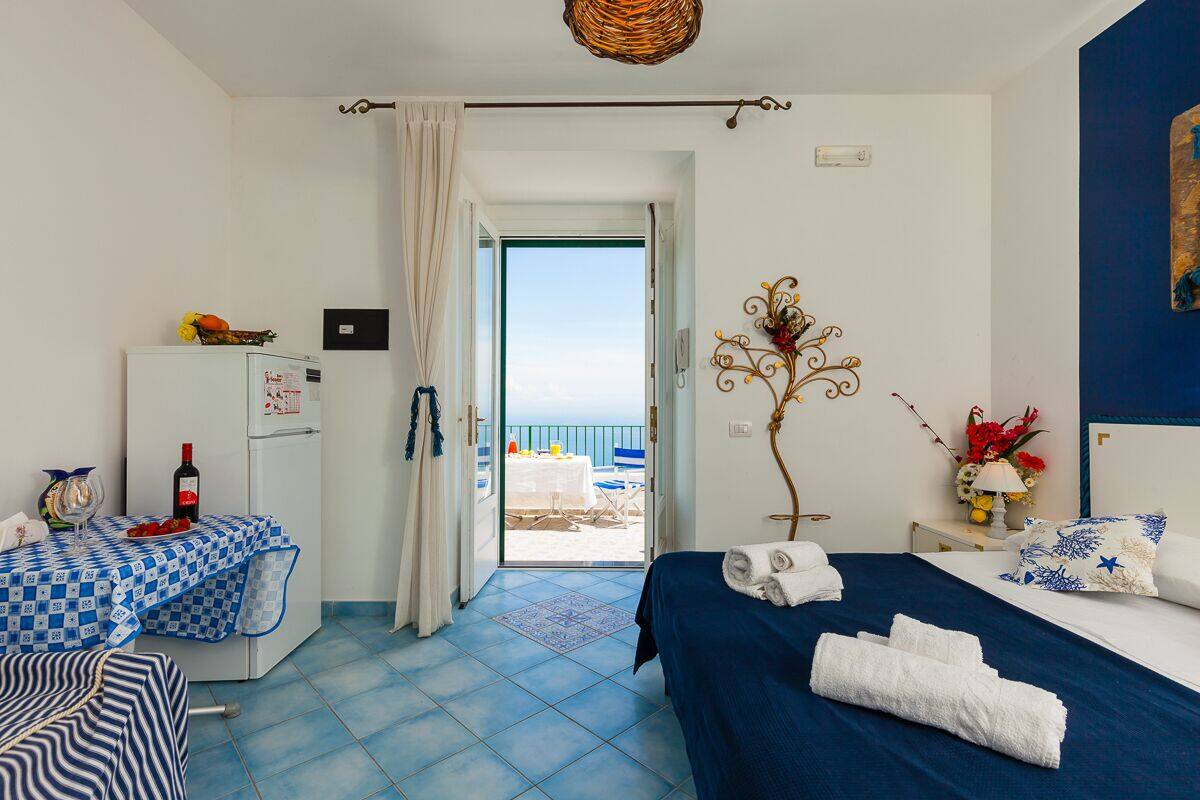 A hotel room with a bed, a desk with a table, a refrigerator, and a view of the sea through an open door.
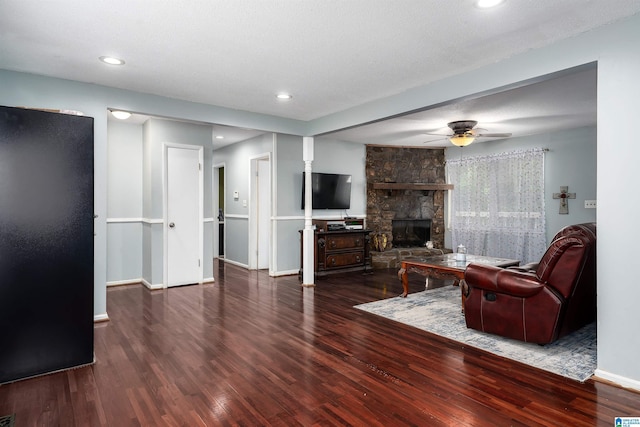 500 2nd Ter, Pleasant Grove, AL 35127 - living area featuring wood finished floors, a ceiling fan, a fireplace, baseboards, and recessed lighting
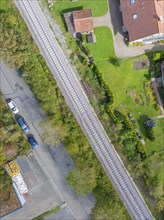 Aerial view of a railway track through a residential area with neighbouring streets and gardens,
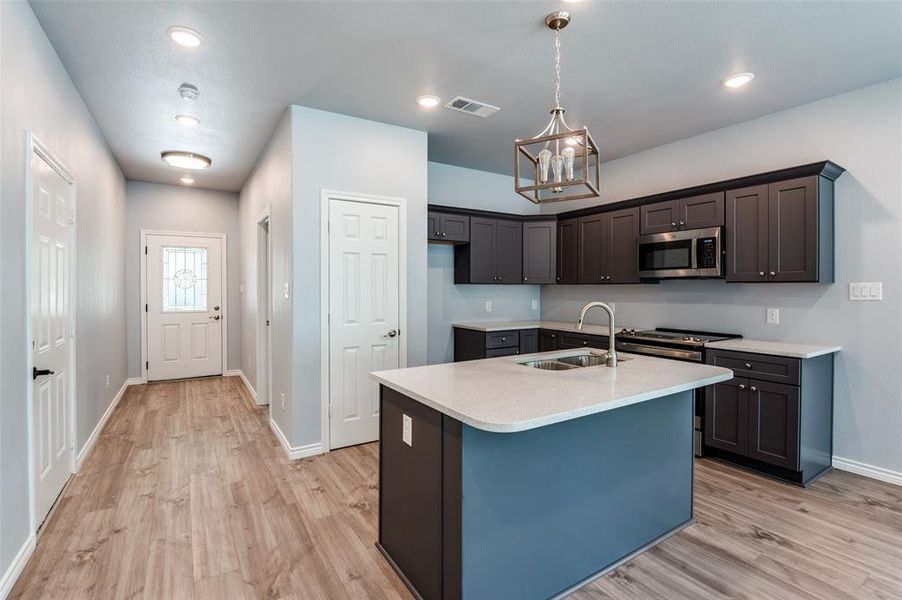 Kitchen with stainless steel appliances, pendant lighting, light wood-type flooring, sink, and a kitchen island with sink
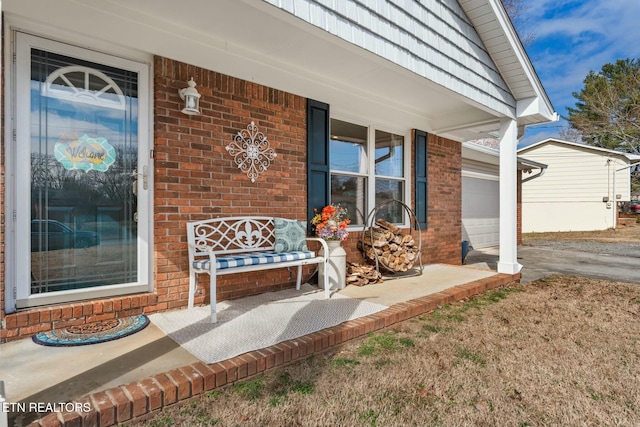 entrance to property featuring a garage and covered porch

....................

Task goal: The records are to be duplicated in full and exactly, with images left out.

Response to this exercise:
 A hotel room with a bed, a desk with a table, a refrigerator, and a view of the sea through an open door.
 500 2nd Ter, Pleasant Grove, AL 35127 - living area featuring wood finished floors, a ceiling fan, a fireplace, baseboards, and recessed lighting
 Aerial view of a railway track through a residential area with neighbouring streets and gardens,
 Kitchen with stainless steel appliances, pendant lighting, light wood-type flooring, sink, and a kitchen island with sink
 entrance to property featuring a garage and covered porch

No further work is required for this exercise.